Ludmilla Nikitina Shapiro, a Russian-born journalist and photographer who with her husband amassed a collection of Soviet-era political porcelain considered the most comprehensive in North America, died on May 8, 2005, in Madison, Wis., where she lived. She was 91.

Mrs. Shapiro's death was announced by her granddaughter, Alexandra Corten.

Over six decades, Mrs. Shapiro and her husband, Henry, built their collection through donations, by scouring consignment shops and by occasional gentle larceny. (Mrs. Shapiro once lifted a cigarette holder from the Kremlin.) The collection was acquired in 1989 by the Cooper-Hewitt National Design Museum in New York.

Mr. Shapiro, a longtime Moscow correspondent for United Press International, died in 1991.

Comprising more than 250 objects made between the Bolshevik Revolution of 1917 and the advent of glasnost in the 1980s, the Shapiro collection includes dinnerware, statuettes and other ceramics emblazoned with words and images intended to convey Soviet glories.

Much of the collection is magnificent kitsch. An enameled porcelain figurine from the 1960's depicts two little cosmonauts standing proudly before their spacecraft. A 1937 dinner plate, depicting a beefy young woman in a bathing suit at its center and other athletes around the rim, extols the virtues of physical fitness.

Mrs. Shapiro, who with her husband endured World War II and the terrors of the Stalinist regime in the Soviet Union, insisted that neither ideology nor aesthetics motivated the collection.
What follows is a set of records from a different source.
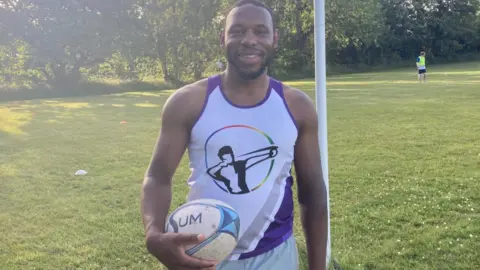 BBC/Sally Hurst Rugby player Chris Languedoc holds a rugby ball during training at West Park. He wears a purple and white Leeds Hunters tank top.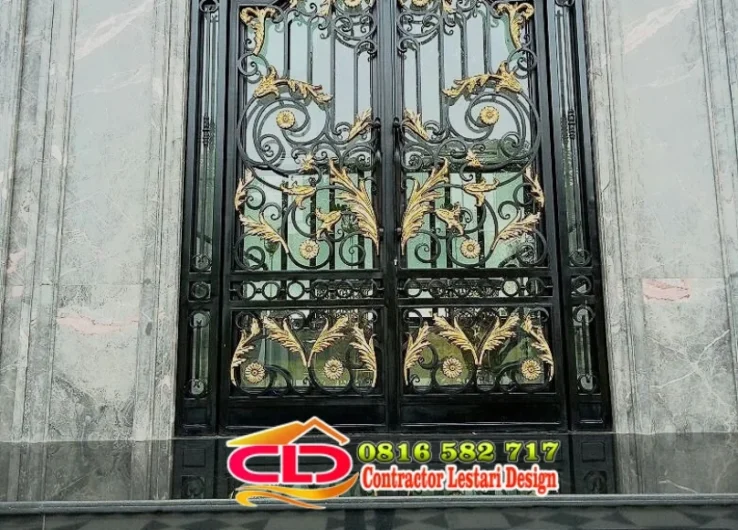 Pintu besi klasik warna hitam dengan ornamen daun dan bunga emas pada dinding marmer abu-abu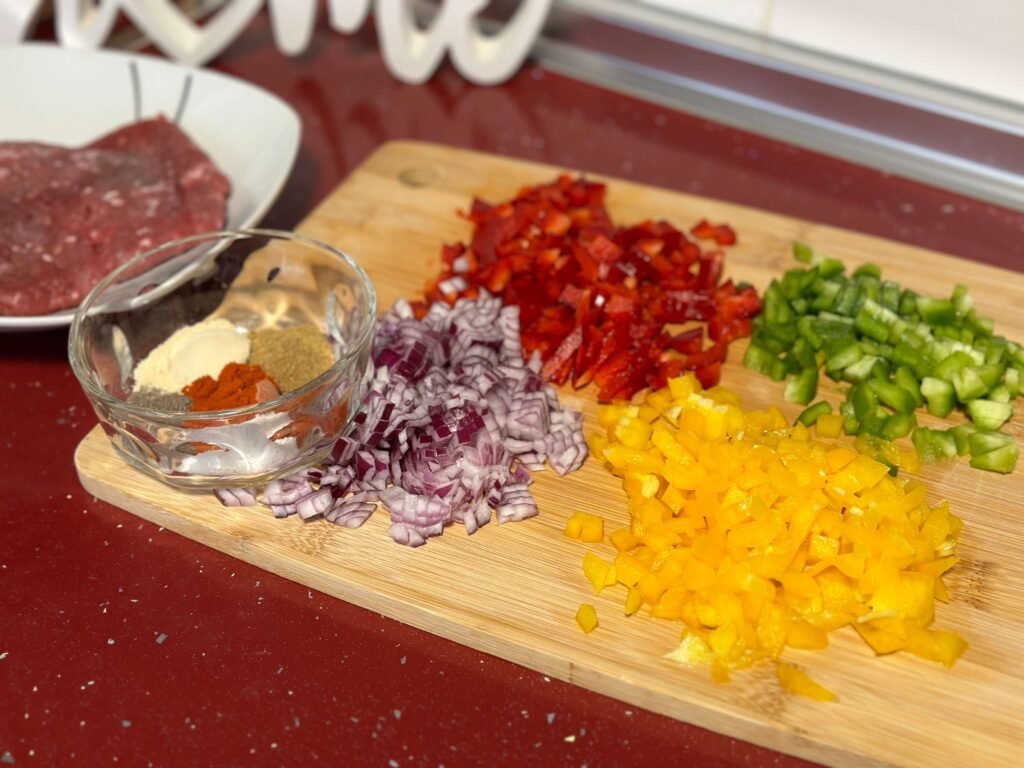 tricolor peppers, chopped red onion, spices and minced meat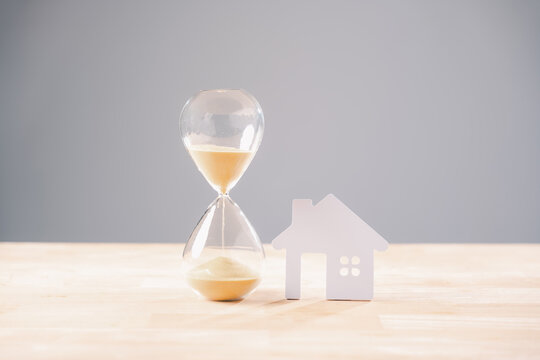 Hourglass time house home money mortgage concept, sand flowing, real estate investment, loan, property, building, buying, selling, accommodation, temporary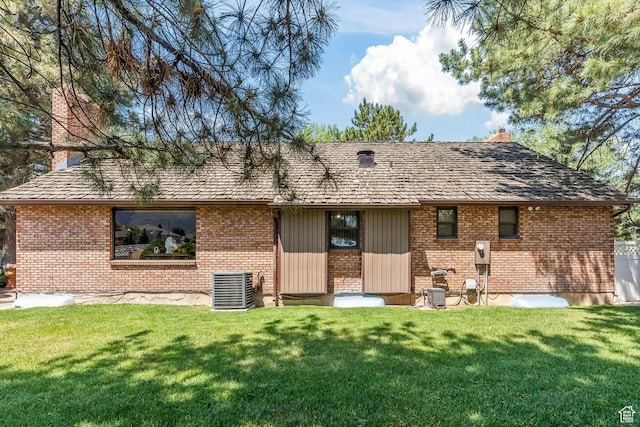 back of property featuring brick siding, cooling unit, a lawn, and a chimney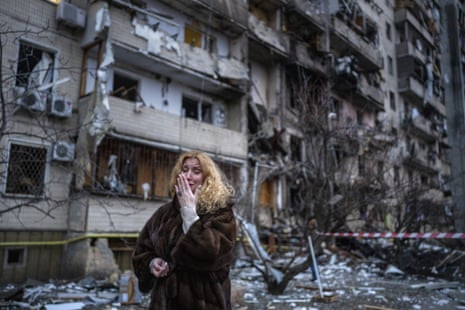 Natali Sevriukova in distress next to her house after a rocket attack the city of Kyiv, Ukraine, 25 February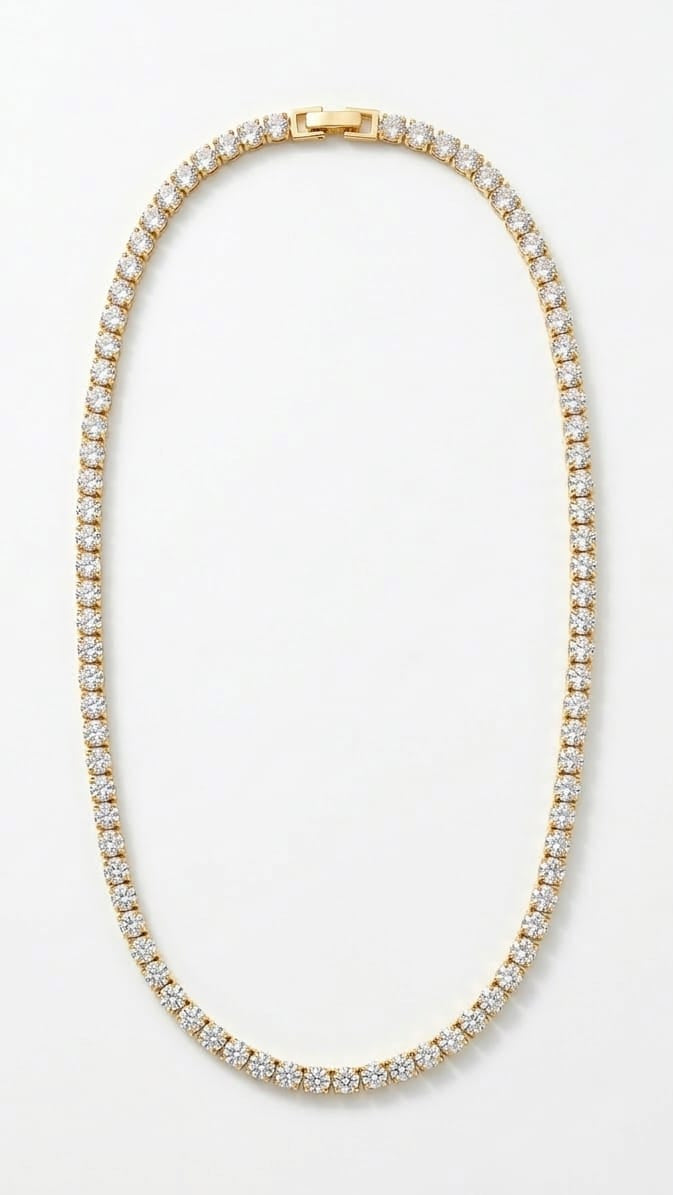 A classic tennis necklace featuring a continuous row of brilliant round-cut crystals in a high-polish gold setting.
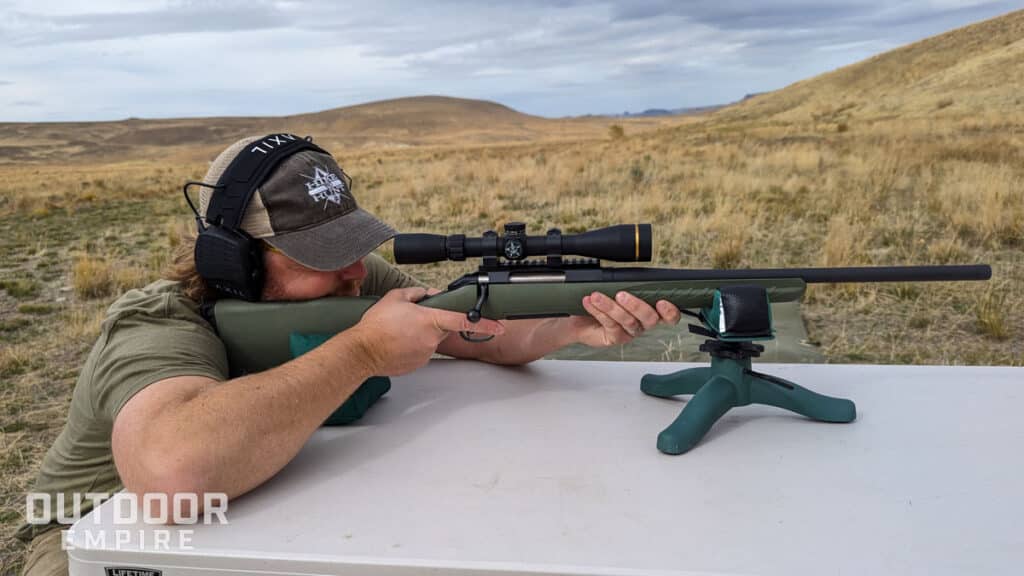 Man shooting ruger american predator. 308 rifle looking through scope on bench
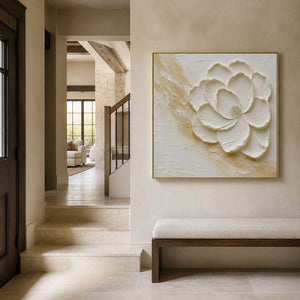 Textured flower wall art displayed in a warm stone residential entryway.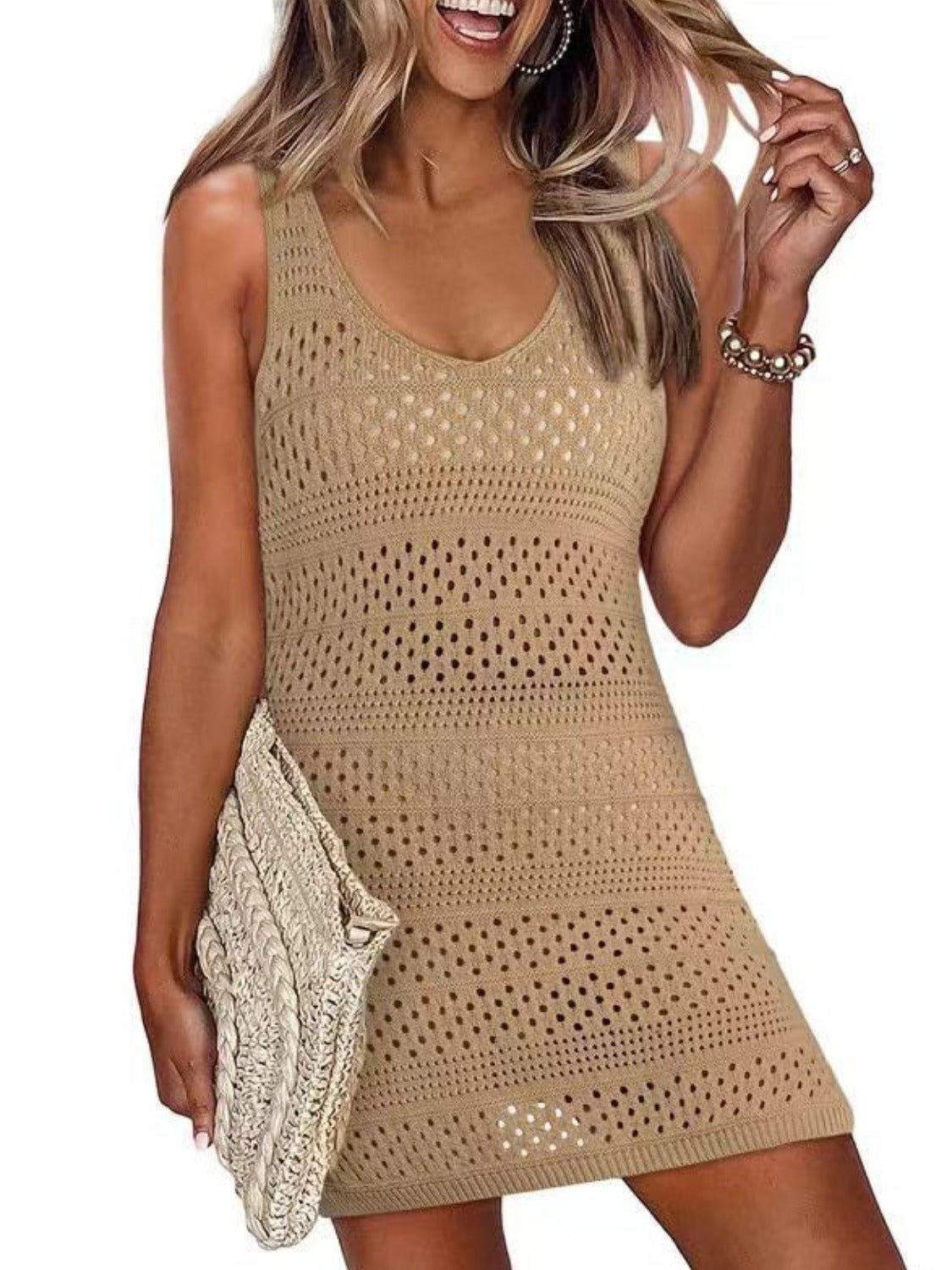 Stylish woman in a camel openwork scoop neck cover-up, perfect for playful beach days and sunny adventures.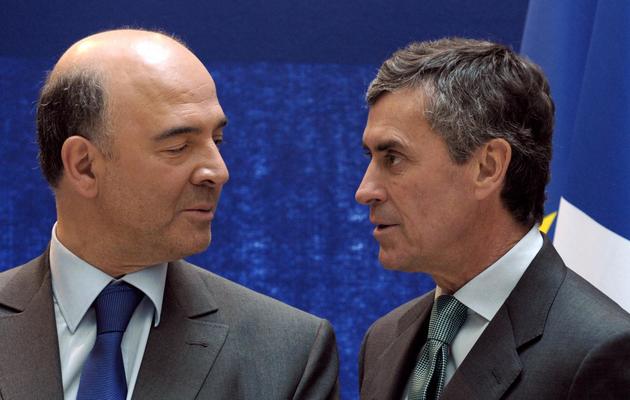 Pierre Moscovici et Jérôme Cahuzac le 20 mars 2013 à Paris [Eric Piermont / AFP/Archives]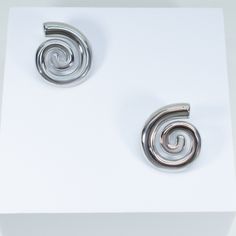 embrace your inner fashionista with our exquisite Nautilus Earrings. make a statement with these conversation-starting earrings that exude luxury and sophistication. instantly take any look from simple to expertly styled. 18k gold or rhodium pvd over 316 stainless steel water & tarnish resistant 29mm long 4mm thick post back Modern Spiral Earrings For Formal Occasions, Spiral Earrings For Formal Occasions, Modern Metal Plug Earrings For Formal Wear, Elegant Hypoallergenic Metal Plug Earrings, Modern Pierced Plug Earrings For Formal Occasions, Trendy Nickel Free Earrings For Formal Occasions, Sterling Silver Spiral Earrings For Formal Occasions, Elegant Spiral Hypoallergenic Hoop Earrings, Elegant White Gold Spiral Earrings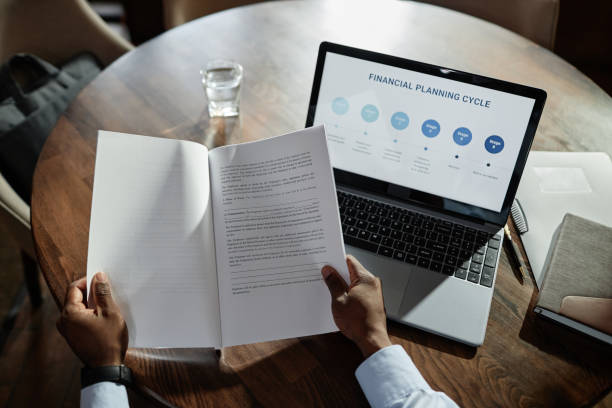 istock Businessman examining business contract in cafe 1487434320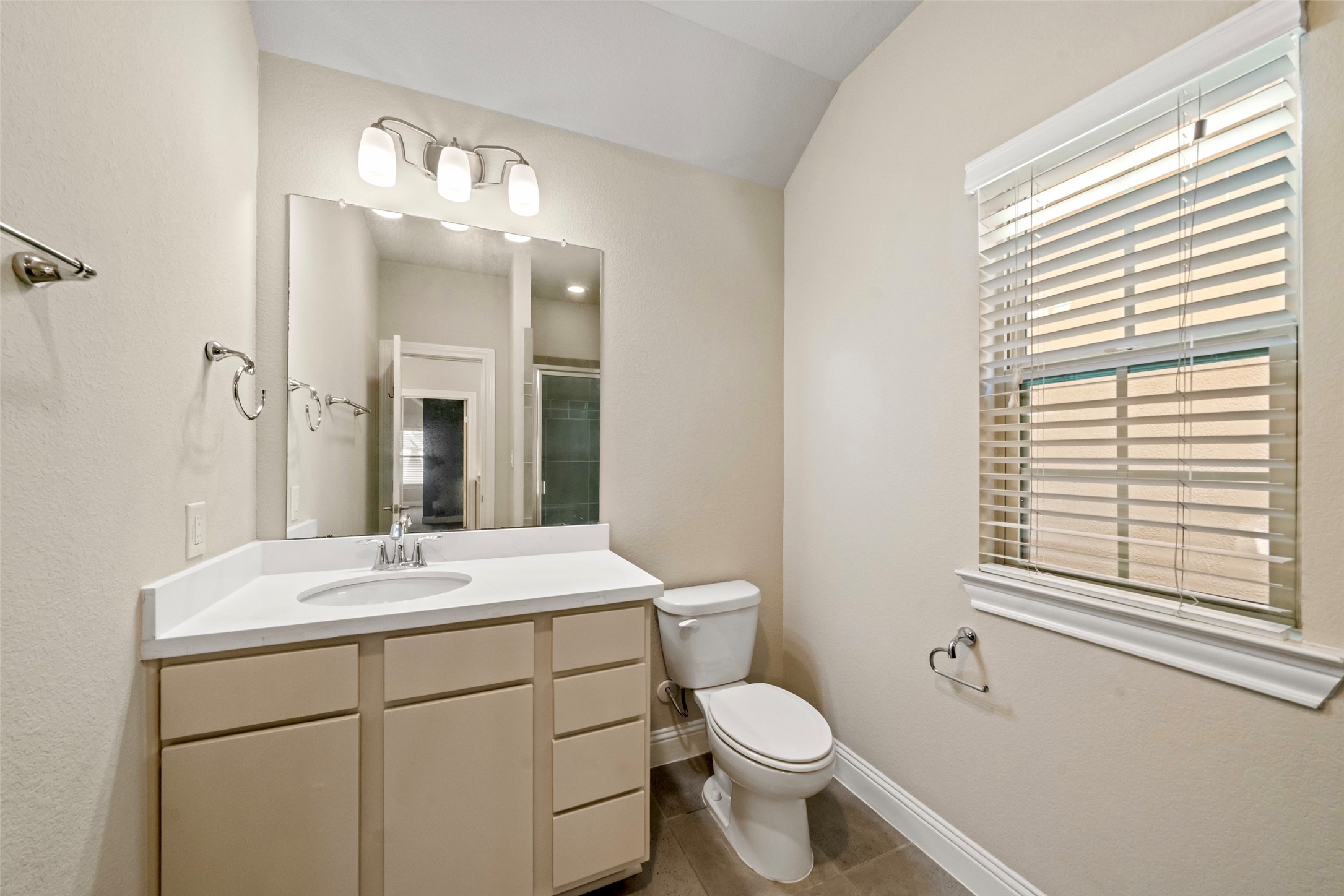 The third floor bathroom is completely updated with cool tones, fixtures and features a standing shower.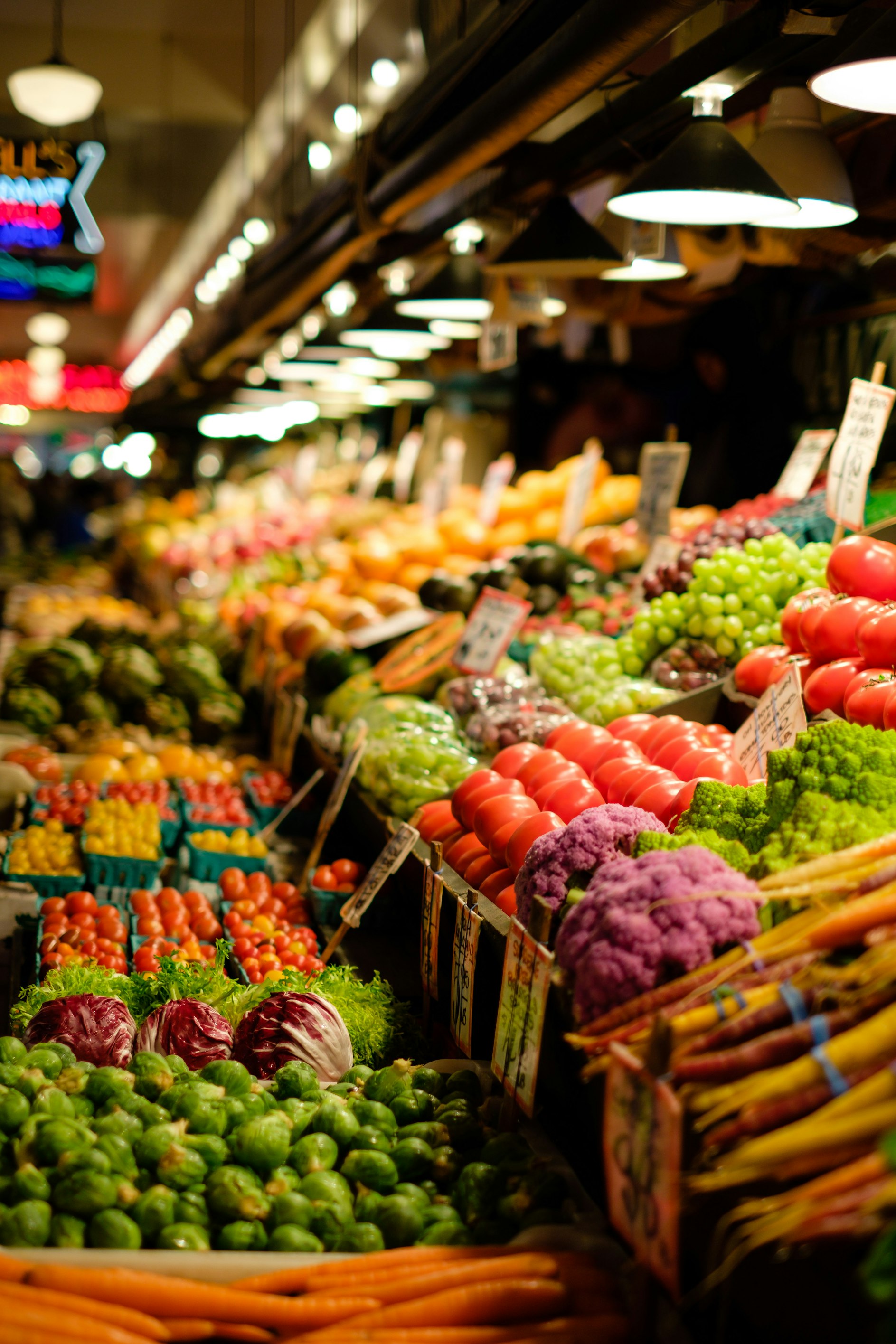 A flat lay of various high-fiber fruits and vegetables including berries, broccoli, and apples.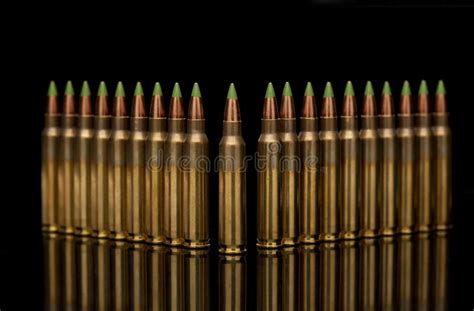 A Group of 5.56 Calibar, Green Tip Bullets Ordered into the Line Stock Photo - Image of bullets ...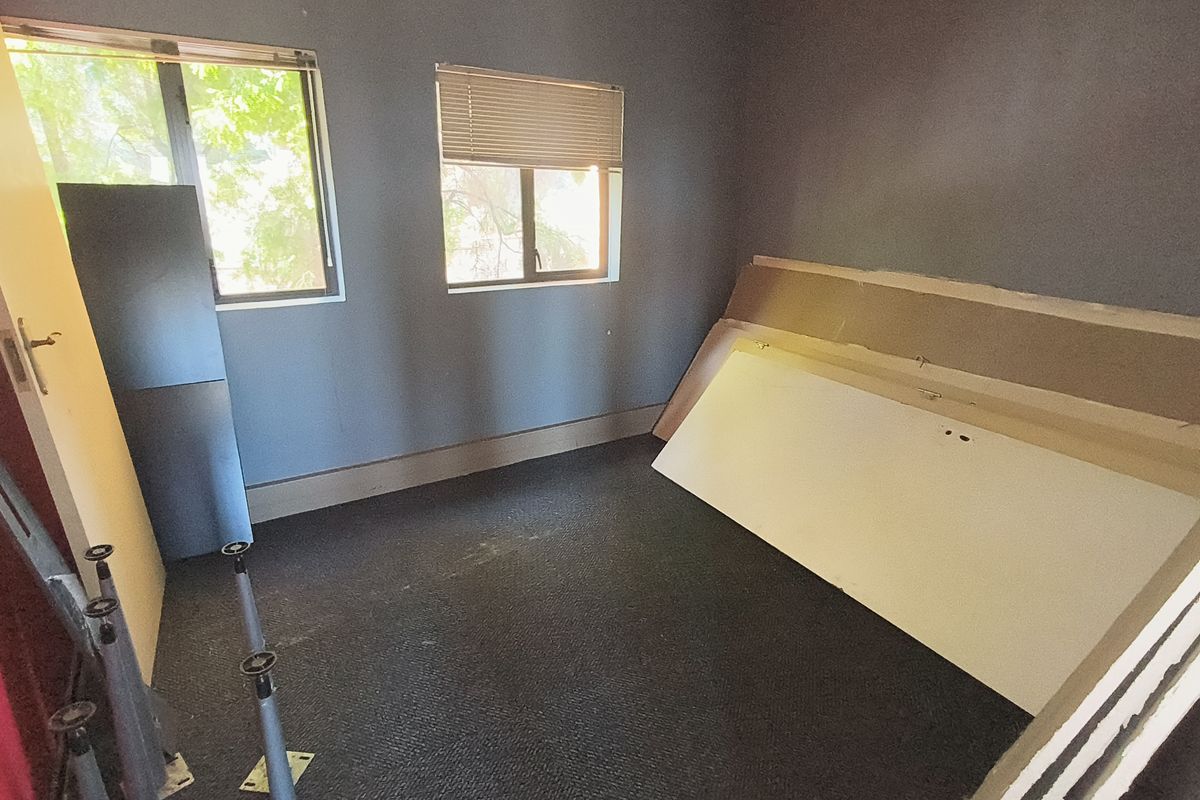 A vacant office space featuring carpeted flooring, dual windows with venetian blinds, and grey painted walls, currently undergoing minor maintenance or renovation.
"We didn't collect these porcelains as art," she told The New York Times in 1992. "We felt they illustrated Soviet history."

Ludmilla Nikitina was born in Moscow on June 11, 1913, to a prominent family of artists and intellectuals. She earned a degree from the Moscow Institute of Foreign Languages and another, in artistic translation, from the Gorky Literary Institute in Moscow.

In 1933, she married Mr. Shapiro, a Romanian-born American journalist. She worked alongside him as a journalist and translator, contributing articles and photographs to American and British publications. (She photographed Nikita Khrushchev, Boris Pasternak and Aleksandr I. Solzhenitsyn, among others.)

As the Moscow representative of the American impresario Sol Hurok, Mrs. Shapiro also helped persuade the Soviet government to let the Bolshoi Ballet perform in the United States, her granddaughter said.

With her husband, Mrs. Shapiro came to the United States in 1954. The couple later returned to the Soviet Union for nearly two decades, settling permanently in the United States in 1973.

Besides her granddaughter, of Madison, Mrs. Shapiro is survived by a daughter, Irina Shapiro Corten of Minneapolis, and one great-grandchild.

The Shapiros started their collection in 1933, purely by chance.

"Henry and I were eating lunch at a skating rink, and the coffee spoons were chained to the water heaters on the table so they could not be stolen," Mrs. Shapiro said in 1992. "The plates had inscriptions on them: 'Stolen From the Moscow State Eating Enterprise.'

"I said, 'Well, then let's do what they invite us to do.' So we stole it."